EXERCISE PROMPT: Copy the records below exactly, starting at the line that contains "Certified Natural 109.50" and ending at the line that contains "Shyanne Women's Marsala"; leave out any pictures.

+++ AVAILABLE DATA

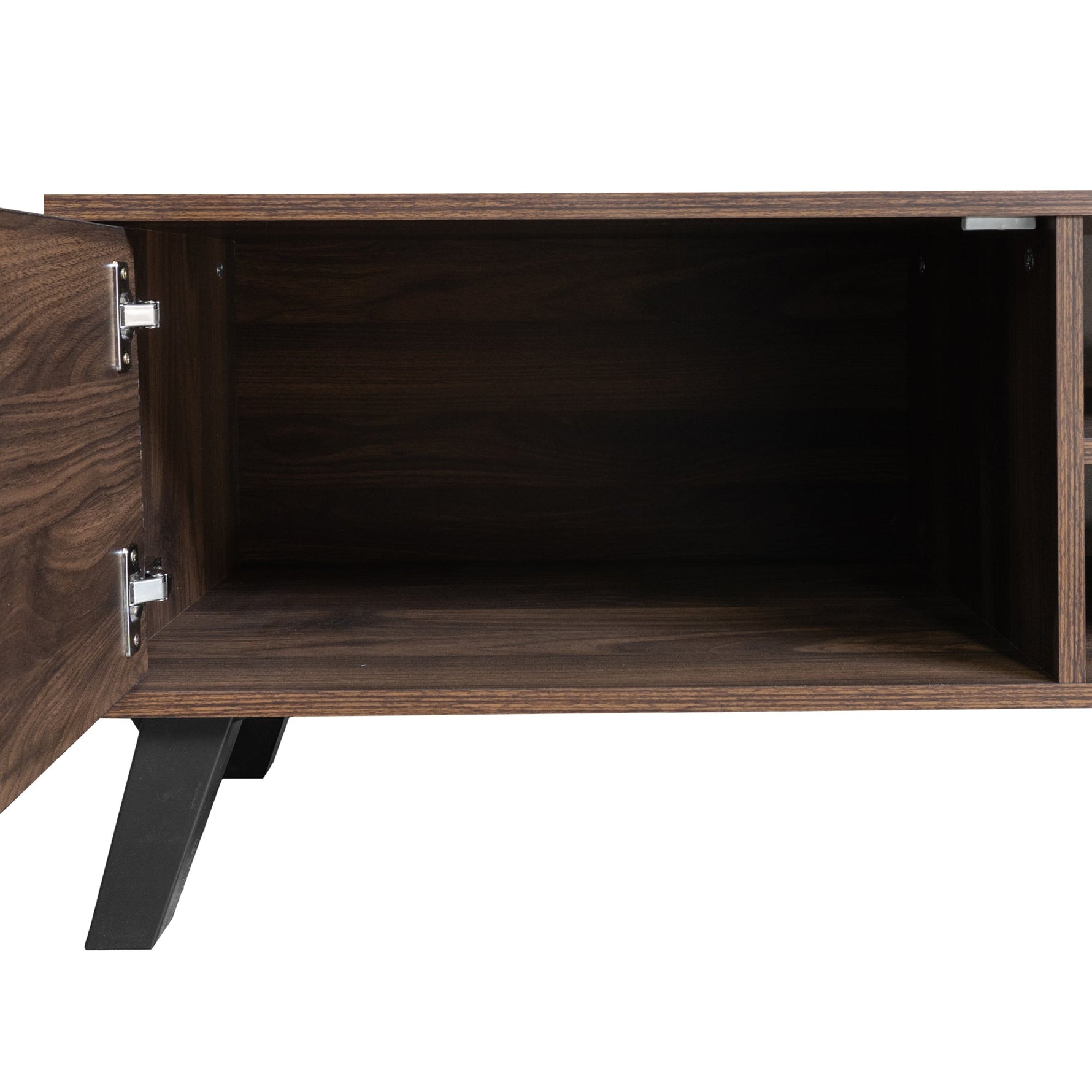 Modern TV Cabinet 2 Doors 2 Open Compartments 160.5cm - Dark Wood Grain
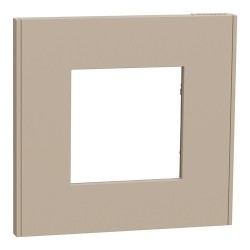 Schneider - Unica Déco - Plaque de finition - Taupe - 1 poste - Réf : NU600226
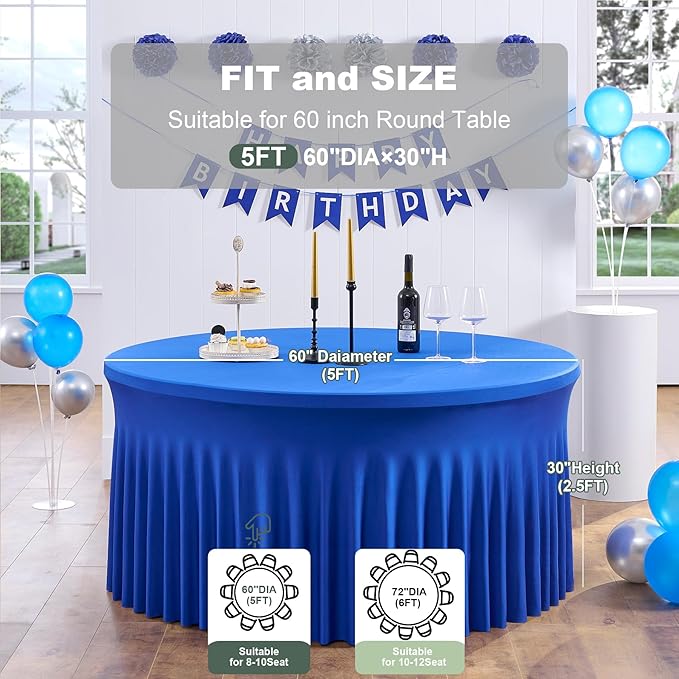 Outpain 8 Pack Royal Blue Spandex Round Tablecloth for 60in Tables, 120Inch Stretchy Fitted 5FT Round Table Clothes,Wrinkle Free Table Cover with Skirt for Wedding Party Dining Banquet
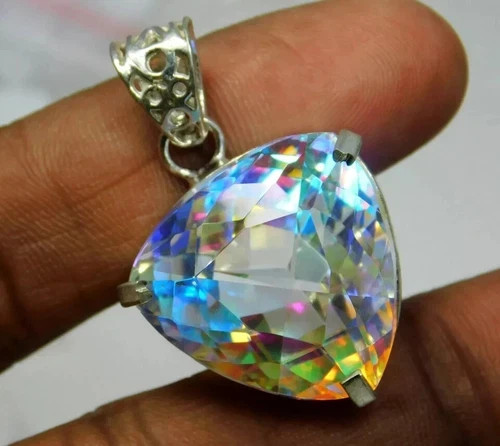 Certified Natural 109.50 Ct Trillion Mystic 925 Solid Silver Pendant Gemstone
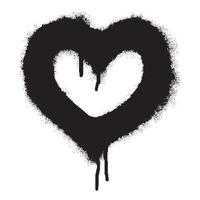 symbole de coeur de graffiti de pulvérisation isolé sur fond blanc. vecteur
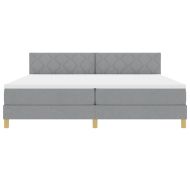 LED кутия за пружини с легло Светлосиво 200 x 200 cm текстил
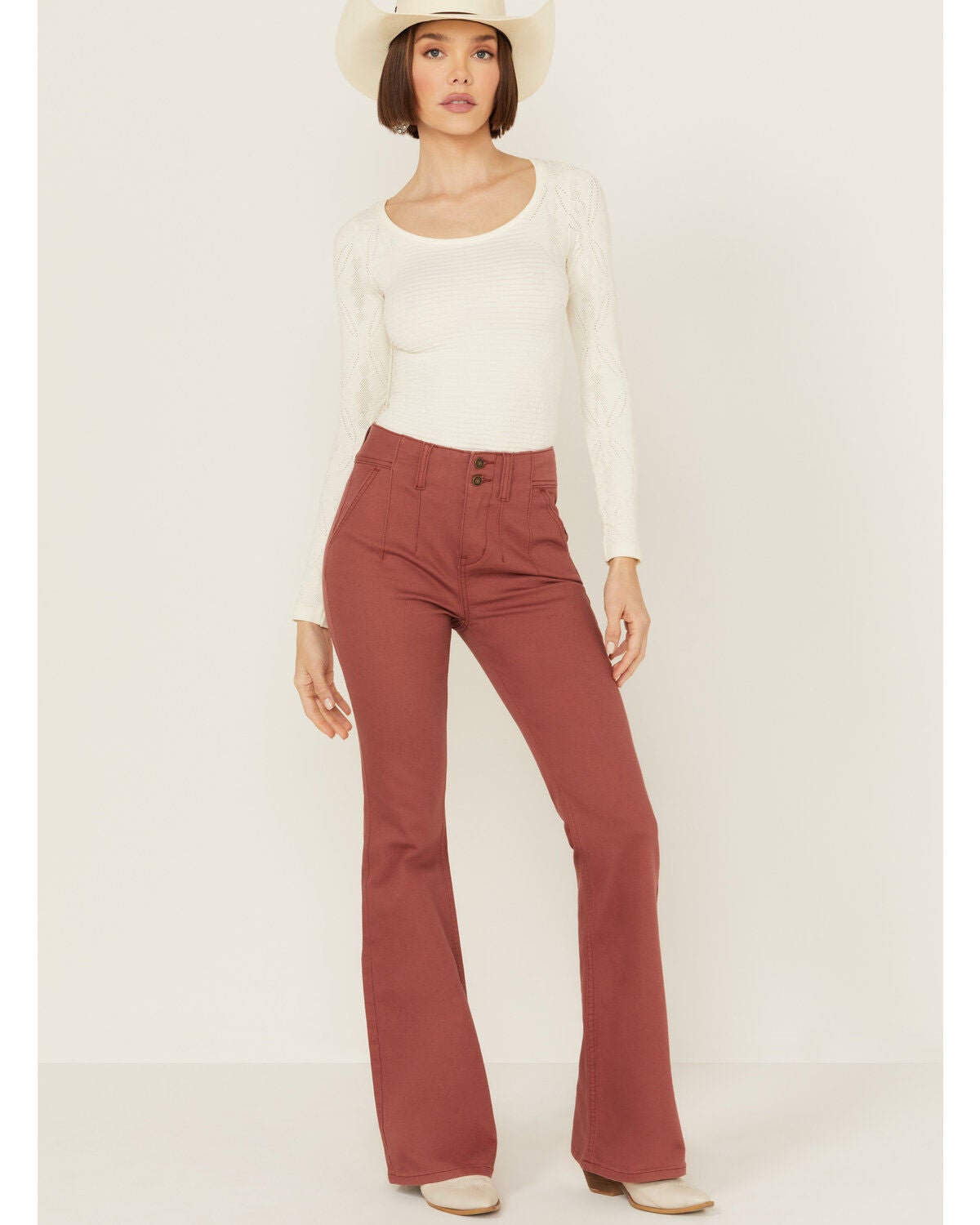 Shyanne Women's Marsala Darted Waist Comfort Stretch Super Flare Jeans, Rust Copper, hi-res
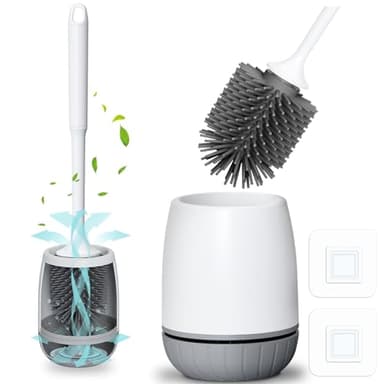 Brosse Toilettes WC, EWEIMA Brosse WC Silicone, Balayette Toilettes WC avec Support à Séchage Rapide et Base Anti-Goutte, Balai Toilette WC Montage Mural/au Sol pour Salle de Bain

++++++

OUTPUT FOR THIS EXERCISE:
 Certified Natural 109.50 Ct Trillion Mystic 925 Solid Silver Pendant Gemstone
 symbole de coeur de graffiti de pulvérisation isolé sur fond blanc. vecteur
 LED кутия за пружини с легло Светлосиво 200 x 200 cm текстил
 Shyanne Women's Marsala Darted Waist Comfort Stretch Super Flare Jeans, Rust Copper, hi-res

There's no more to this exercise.